Instructions for the task: Exactly as they appear below, repeat the lines from the one with "So let's get" through the one with "You want to", and no others.

Task data:
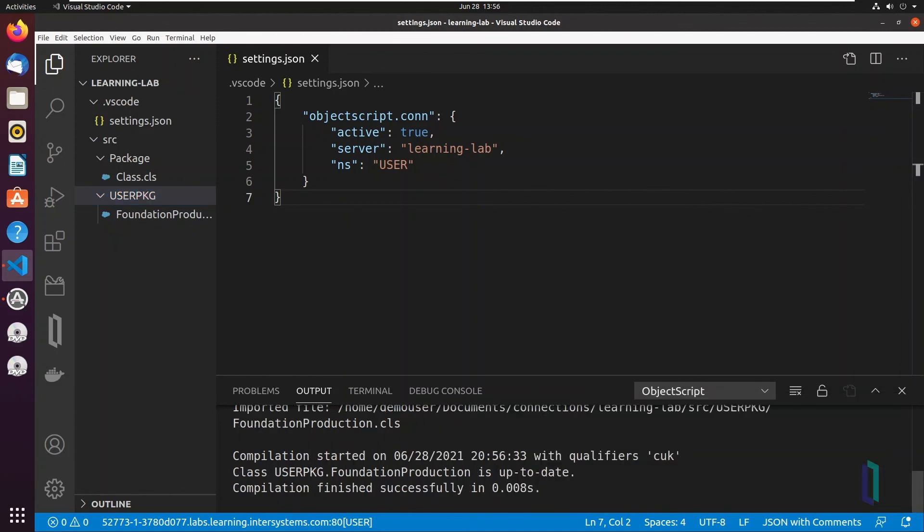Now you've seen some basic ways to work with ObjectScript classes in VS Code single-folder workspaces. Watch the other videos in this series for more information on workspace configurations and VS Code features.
...
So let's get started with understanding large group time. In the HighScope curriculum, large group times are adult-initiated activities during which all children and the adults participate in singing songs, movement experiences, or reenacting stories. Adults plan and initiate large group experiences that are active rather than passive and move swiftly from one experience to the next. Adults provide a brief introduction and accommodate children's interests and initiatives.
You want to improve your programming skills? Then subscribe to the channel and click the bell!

Answer:
So let's get started with understanding large group time. In the HighScope curriculum, large group times are adult-initiated activities during which all children and the adults participate in singing songs, movement experiences, or reenacting stories. Adults plan and initiate large group experiences that are active rather than passive and move swiftly from one experience to the next. Adults provide a brief introduction and accommodate children's interests and initiatives.
You want to improve your programming skills? Then subscribe to the channel and click the bell!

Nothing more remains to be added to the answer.